Pictures with short captions =
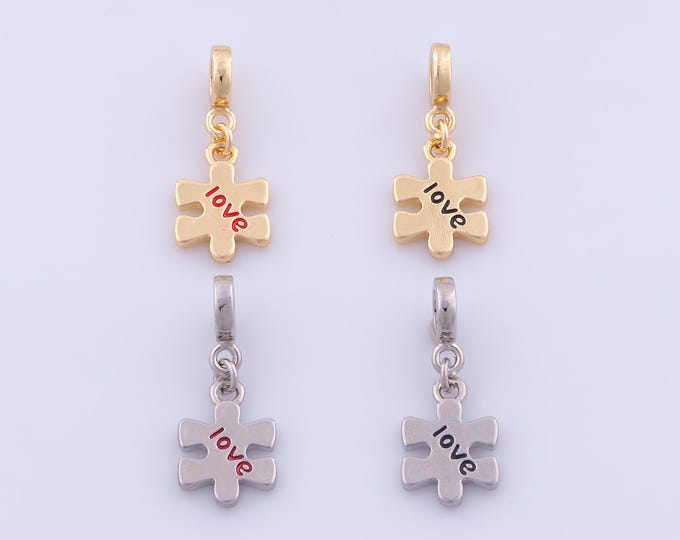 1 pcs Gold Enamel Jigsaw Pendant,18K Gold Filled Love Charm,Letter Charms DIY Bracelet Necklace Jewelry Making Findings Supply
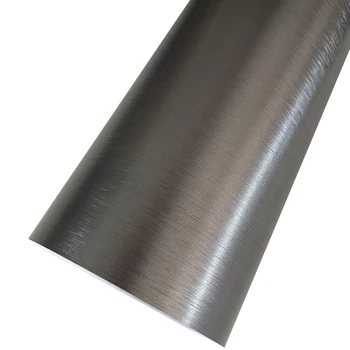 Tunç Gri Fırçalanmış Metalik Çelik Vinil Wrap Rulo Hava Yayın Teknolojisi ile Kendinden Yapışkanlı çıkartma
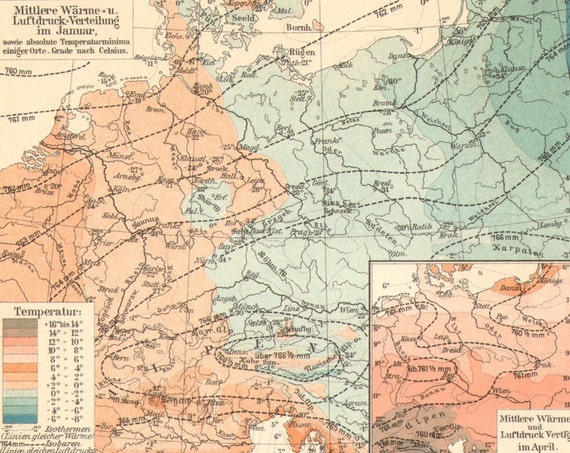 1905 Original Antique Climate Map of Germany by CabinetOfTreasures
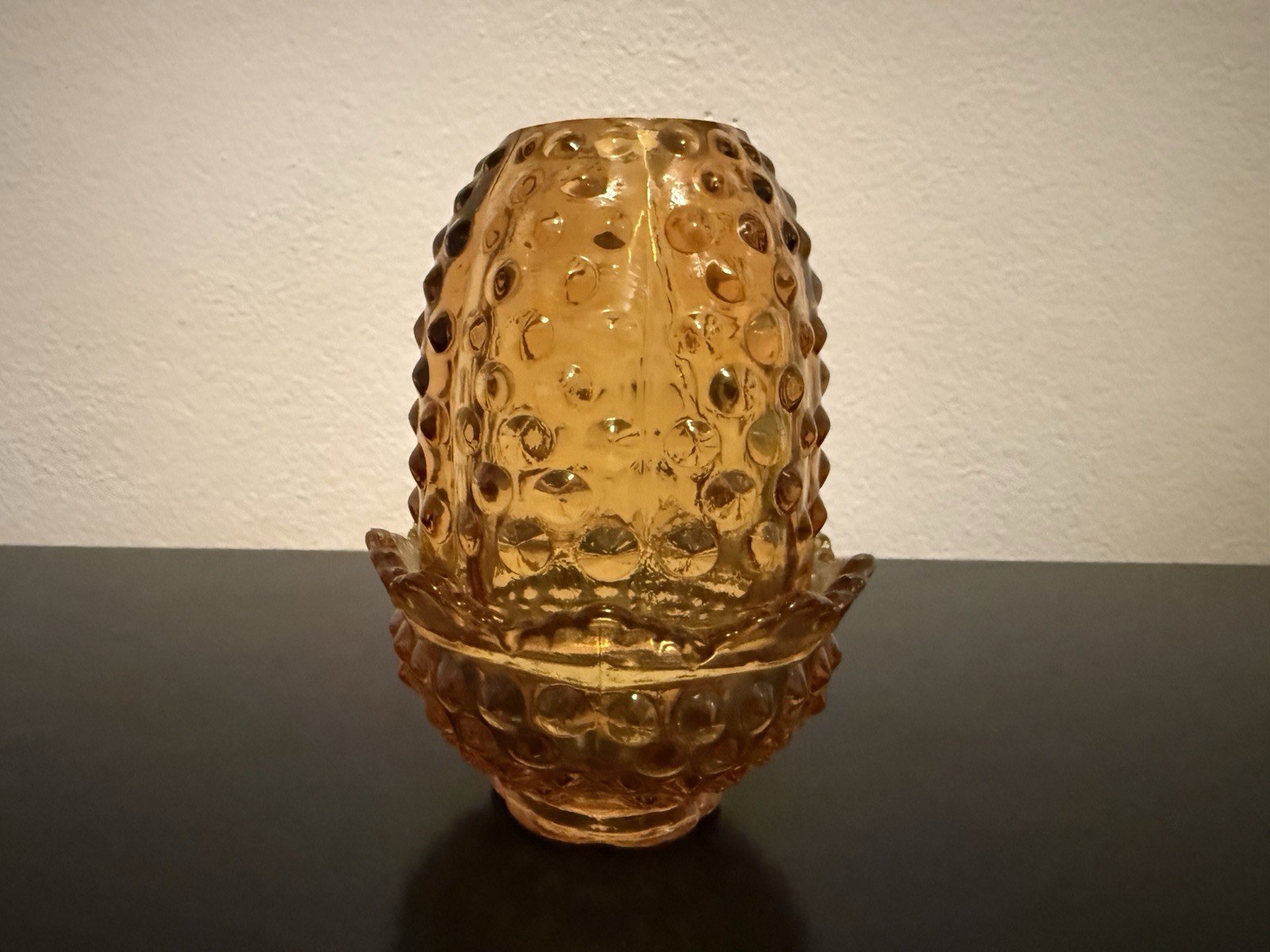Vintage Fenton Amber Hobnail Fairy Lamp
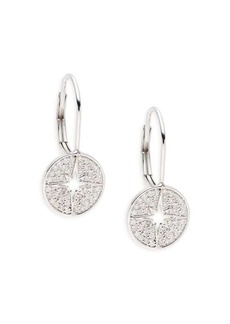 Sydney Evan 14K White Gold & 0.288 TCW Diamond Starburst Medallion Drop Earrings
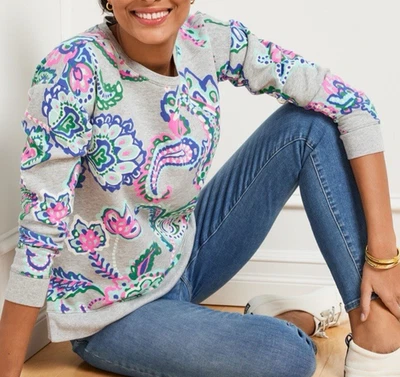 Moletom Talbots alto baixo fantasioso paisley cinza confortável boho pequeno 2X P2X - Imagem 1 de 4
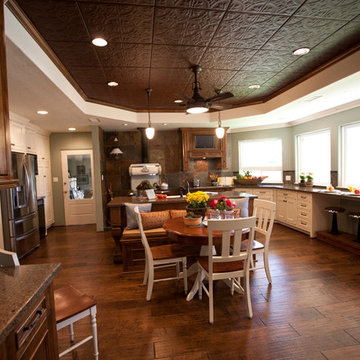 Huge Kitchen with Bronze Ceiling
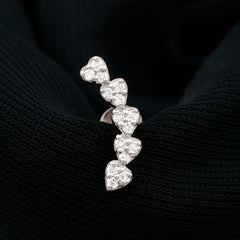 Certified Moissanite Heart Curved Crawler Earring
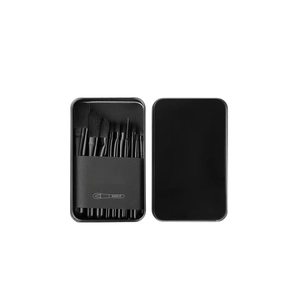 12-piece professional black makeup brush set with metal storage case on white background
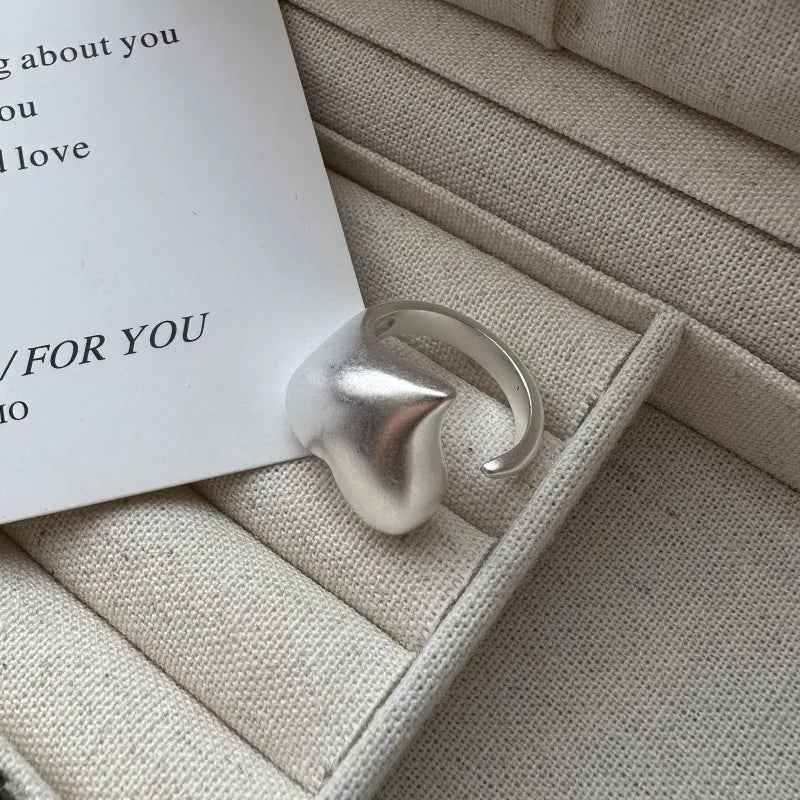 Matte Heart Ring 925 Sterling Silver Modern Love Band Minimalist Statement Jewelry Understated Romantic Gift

Required action =
Without carrying over any pictures, retype the records above exactly.

Response to this exercise =
 1 pcs Gold Enamel Jigsaw Pendant,18K Gold Filled Love Charm,Letter Charms DIY Bracelet Necklace Jewelry Making Findings Supply
 Tunç Gri Fırçalanmış Metalik Çelik Vinil Wrap Rulo Hava Yayın Teknolojisi ile Kendinden Yapışkanlı çıkartma
 1905 Original Antique Climate Map of Germany by CabinetOfTreasures
Vintage Fenton Amber Hobnail Fairy Lamp
 Sydney Evan 14K White Gold & 0.288 TCW Diamond Starburst Medallion Drop Earrings
 Moletom Talbots alto baixo fantasioso paisley cinza confortável boho pequeno 2X P2X - Imagem 1 de 4
 Huge Kitchen with Bronze Ceiling
 Certified Moissanite Heart Curved Crawler Earring
 12-piece professional black makeup brush set with metal storage case on white background
 Matte Heart Ring 925 Sterling Silver Modern Love Band Minimalist Statement Jewelry Understated Romantic Gift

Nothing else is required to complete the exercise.